İlk eğitimi tamamladık ve ardından regresyonun kendisine geçtik. Dünyayı öğrendiğimi söylemek hiçbir şey söylememek demektir. Gerileme deneyimi tüm hayatım boyunca o kadar çarpıcı bir olaydı ki, bilinç üzerindeki diğer tüm etkiler (psikoloji, diğer hipnoz teknikleri) kendi anılarımın yalnızca yüzeysel bir araştırması gibi görünüyordu. Farklı tür ve kökenden insanların hayatlarını gördüm. Vasat bir şekilde ölen ve aynı şekilde vasat bir şekilde yaşayan bana tamamen yabancı insanlar aracılığıyla çok acı verici anılar hissettim, içimi açığa çıkardım. Onların durumlarını, düşüncelerini, duygularını kendime aktardım. Birkaç gerileme deneyimi boyunca bu dünyayı farklı düşünmeyi ve hissetmeyi öğrendim; yaşama, sevme, yaratma ve neslimde iz bırakma arzusu geliştirdim. Genç adam ara sıra benim ataletimi özlemeye başladı ama yine de bilincimin dışa dönük birine doğru değişmesinden memnundu.
Ezoterizmin TV3'te gösterildiği kadar çılgın bir fikir olmadığı ortaya çıktı

Olga, 27 yaşında

Gerileyen hipnozdan bir hikaye - acı veren kıskançlık

“Freud'un teknikleri dikkate alındığında hipnoza inanmıyorum, ne diyebilirim ki, sevdiklerime inanmakta zorluk çeksem de. Çocukluğumdan beri çok kıskançtım, 23 yaşımdayken bile kimse beni bunun aslında normal olmadığına ikna edemedi. 30 yaşımda ne arkadaşım ne de kız arkadaşım olduğundan biraz endişelenmeye başladım, sadece akrabalarım bir şekilde düşüklerime tolerans gösterdiler ama beni daha az görmeye çalıştılar. Evet, “neden benimle değil de onunla konuşuyorsun?” gibi öfke nöbetleri var. benim güçlü noktamdı. O zamanlar ünlü psikanalistlerin eserlerini sık sık okurdum ve hipnoza eğilimim olduğunu keşfederdim.
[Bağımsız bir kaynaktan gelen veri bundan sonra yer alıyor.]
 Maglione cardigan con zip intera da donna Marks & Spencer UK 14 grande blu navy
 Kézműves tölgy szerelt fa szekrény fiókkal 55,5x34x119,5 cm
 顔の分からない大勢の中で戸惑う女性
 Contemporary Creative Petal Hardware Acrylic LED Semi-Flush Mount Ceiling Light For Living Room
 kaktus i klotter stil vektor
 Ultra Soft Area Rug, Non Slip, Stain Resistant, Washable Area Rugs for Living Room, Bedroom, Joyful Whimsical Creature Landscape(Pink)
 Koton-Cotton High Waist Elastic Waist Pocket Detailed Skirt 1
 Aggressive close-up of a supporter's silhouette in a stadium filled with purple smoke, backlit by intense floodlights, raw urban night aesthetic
İnternette benzer bilgiler aradıktan sonra Dolores Cannon'un gerileyen hipnoz tekniğine rastladım. Bu kadın beceriksiz bir ev hanımına benziyor ama yönteminin konseptinde bir şeyler var diye düşündüm. Gerileyen hipnozun etkinliğine ilişkin uzun ve sıkıcı analizlerden sonra, bunu kendim denemeye karar verdim (neyse ki maaşım bilincim üzerinde deneyler yapmama izin veriyor), yine de kıskanç bir histeriktim, ama çok meraklı bir histeriktim, evet.

O zaman bir regressologa geldim. Terapiye hazırlanmak için gerekli şartları yerine getirdim, güzel bir sohbet gerçekleştirdik ve bir anda transa girdim. Çok azimliyim. Çocukluğumu gördüm, kardeşim tahta atımı alıp avuç içiyle alnıma vuruyor, aslında tatsız bir durum. Daha da yürüyorum, havadaki kapıları görüyorum ve beklendiği gibi onlardan birine giriyorum. Yürek burkan resmi kendi yüzümden izliyorum. İşte buradayım, 40 yaşlarında bir adam, yeterince dostça olmayan bir tokalaşma yüzünden sarhoş bir sersemlik içinde arkadaşını öldürüyor. Ne? Bunu yapamadım! Ben deli değilim... Ben deliyim. Birinin bir yabancıya benden daha fazla ilgi gösterdiğini gördüğümde bende de benzer duygular oluşuyor. Hipnoloğun sesini duyuyorum, beni şok ve iç histeri durumundan çıkarmaya çalışıyor, ağlıyormuşum gibi hissediyorum. Hızla kapıdan çıkıp çığlık atıyorum. Uzman, olup bitenlerin mantıksal bir zincirini oluşturarak beni yeterli bir duruma getirmeye çalışmak için psikolojik yöntemler kullanıyor. Bilincimde bir şeyler tıkırdıyor ve sakinleşiyorum, akıl hocamın sesini dinliyorum, sözlerini daha derinlemesine incelemeye ve gerileme deneyimine konsantre olmaya çalışıyorum.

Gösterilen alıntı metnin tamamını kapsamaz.